The CCC states that in order to reduce GHG emissions by 64% by 2050E, one-fifth of all arable land is needed to plant trees to absorb  carbon out of the atmosphere. This would restore peatlands (i.e., wetlands) and soils and support the capture of CO2 via biomass, referred to as bioenergy  with carbon capture and storage (BECCS).

CCC advisers suggest, somewhat counter intuitively, that not only will arable land set-aside reduce GHG emissions, it will also enable land-use priority for food production.

Technological innovations and the need to increase crop yields will be a strong driver for the fertilizer sector. In other words, more food will need to be produced from the same crops using technologically advanced fertilisers in a sustainable way.

Fertiliser companies are already investing in product development:

  • Nutrien Ltd. (NYSE:$NTR) purchased Agrosema Commercial Agricola Ltd. in Jan 2020, to expand into the Brazilian agriculture market. Nutrien is a leader in crop inputs and services, helping increase food production sustainably.
  • Yara East Africa [subsidiary of Yara International (OTCPK:$YARIY)] developed a micronutrient fertilizer (Yara MiCrop) to improve maize yields in Western Kenya in Aug 2020. Yara MiCrop provides five key nutrients (N-Nitrogen, P-Phosphorus, K-Potassium, S-Sulfur & Zn-Zinc) compared to current programs only offering two (N & P) nutrients.
  • The Mosaic Company (NYSE:$MOS) launched the first Diammonium phosphate (DAP) fertilizer in Saudi Arabia in 2017. DAP is a preferred fertilizer because it contains N and P (primary macronutrients).

Technology and innovation are the way forward to fulfilling climate goals and meeting increasing demand for food production.

Cornell University Researchers may have found part of a solution: Adapt-N, a software program helping farmers mitigate environmental impacts by providing real-time data for the application of nitrogen.

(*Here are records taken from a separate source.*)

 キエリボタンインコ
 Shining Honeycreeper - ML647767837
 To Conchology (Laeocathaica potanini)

This allows farmers to understand how much and when to use nitrogen fertilisers, leading to far more efficient use.


Regulation is catching up to the economics

As technology advances in the fertiliser industry, regulation is catching up. Recent key global sustainability developments include:

  • 2020 – UK’s Department for Environment, Food & Rural Affairs (DEFRA) launched a consultation on solid urea fertilisers to reduce ammonia emissions. The outcome is still pending but the options are either to ban urea fertilisers, stabilise them or restrict usage to Jan-Mar only.
  • 2021 – The US White House outlined its climate goals by signing an executive order ‘The Long-term Strategy of the United States’. The order outlines the goal to reduce GHG emission by ~50% by 2030E, which includes emissions from fertilisers.
  • 2021 – EU Carbon Border Adjustment Mechanism (CBAM) supports The European Green Deal. CBAM is a proposed tariff on carbon intensive products. Cardon is currently being phased out to a number of goods, including fertilisers.

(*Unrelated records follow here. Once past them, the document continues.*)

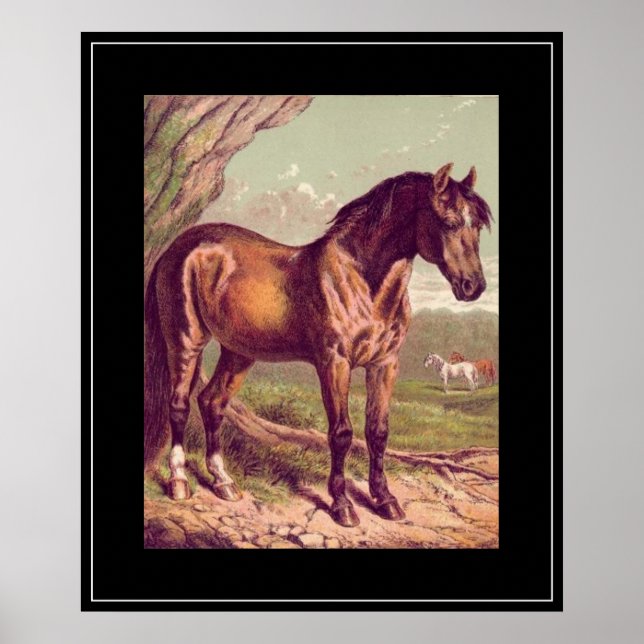 1800's Horse Vintage Print (Front)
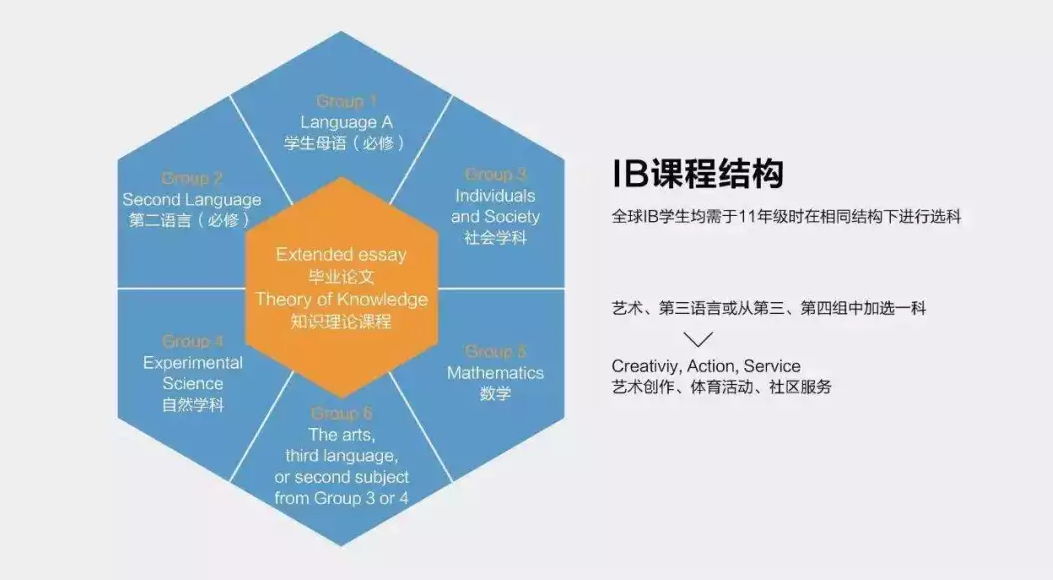 IB課程輔導(dǎo)一對一進(jìn)階課程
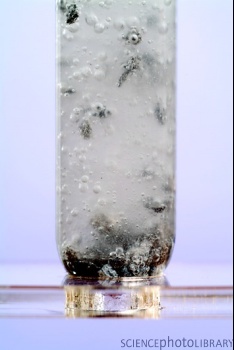 Calcium reacting with hydrochloric acid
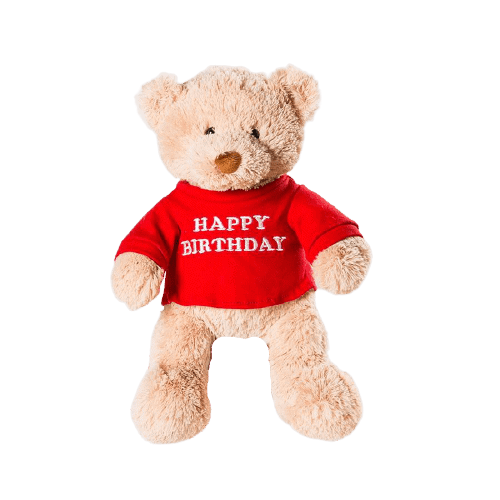Teddy Björn Grattis På Födelsedagen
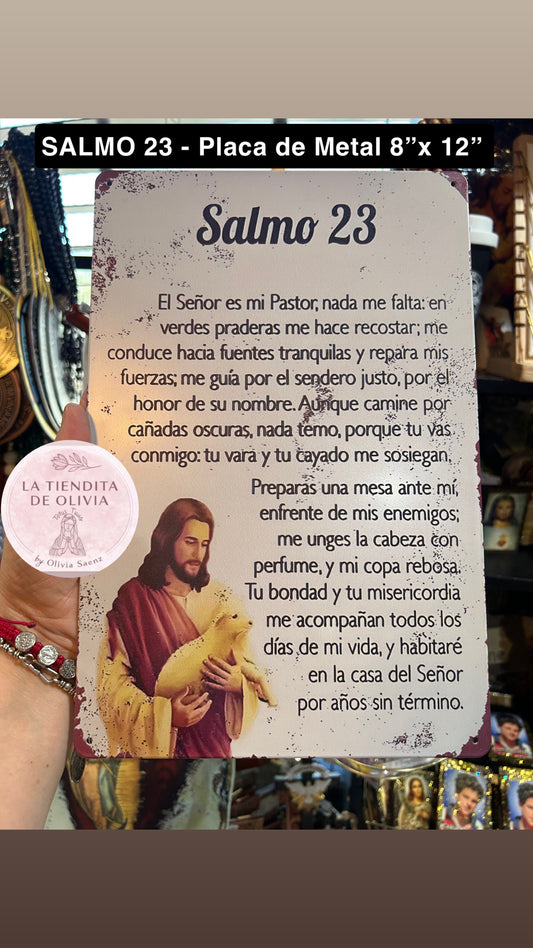 SALMO 23 - Placa de Metal 8"x 12"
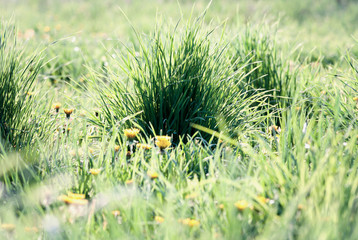 Fototapeta premium Green grass sunny meadow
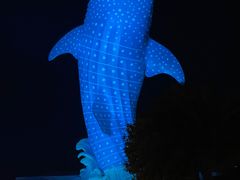 -珠海长隆海洋王国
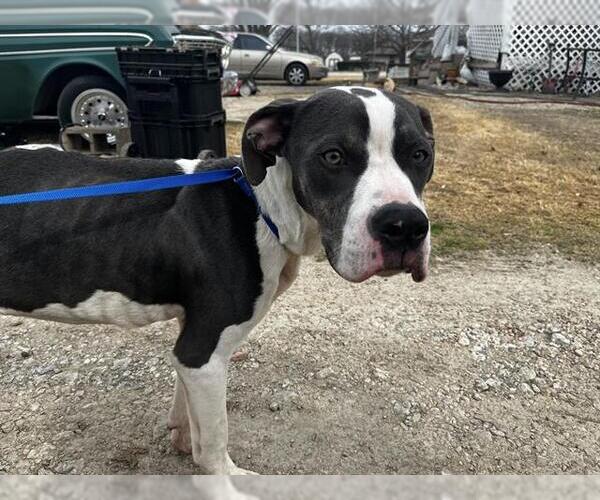 Medium Photo #1 American Staffordshire Terrier-Unknown Mix Puppy For Sale in Grand Prairie, TX, USA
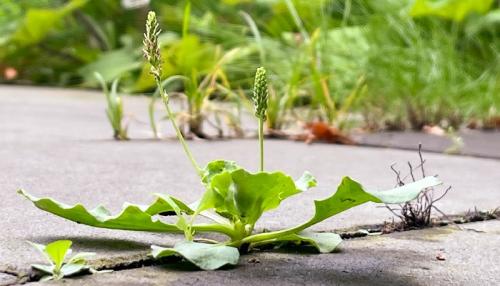 Versiegelte Flächen hindern Pflanzen am Wachsen. Das schadet dem Klima. Foto: Antje Schlenker-Kortum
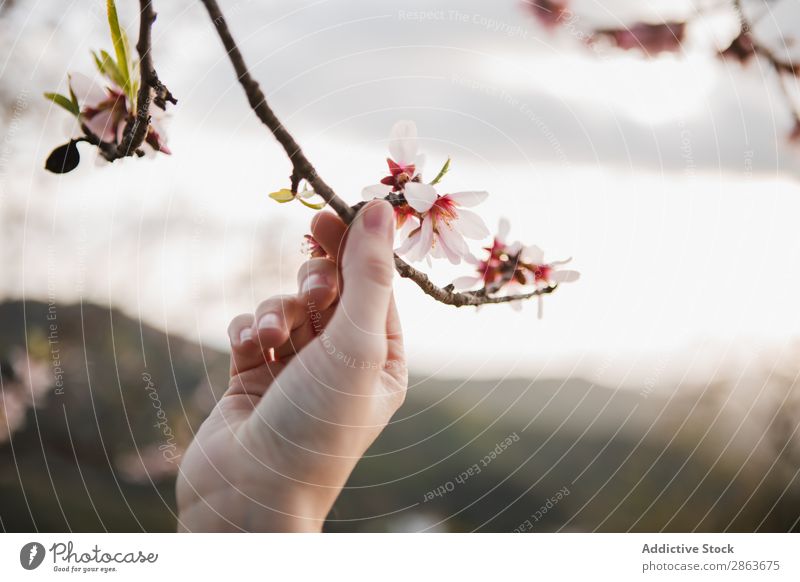 Woman holding tree twig in garden Tree Twig Garden Hand Blooming Wood Hill Branch Flower Lady Park Blossom Aromatic Fruit Nature Green Plant Gardening Botany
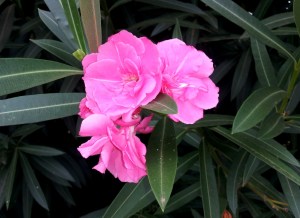 Pink Oleander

We see little alternative to the use of fertilisers to feed our growing global population in the face of land degradation and arable land set-aside policies, global instability, and climate change.

If we are not to add to climate instability in our drive to avoid population and civil instability, then technological innovation in design and application of fertilisers is the way forward.

We assess that the necessary economic drivers are in place for a renaissance in the fertiliser sector, as technological innovation plus demand growth leads to economic growth (value generation). In our view, investors may want to investigate exposure to this sector.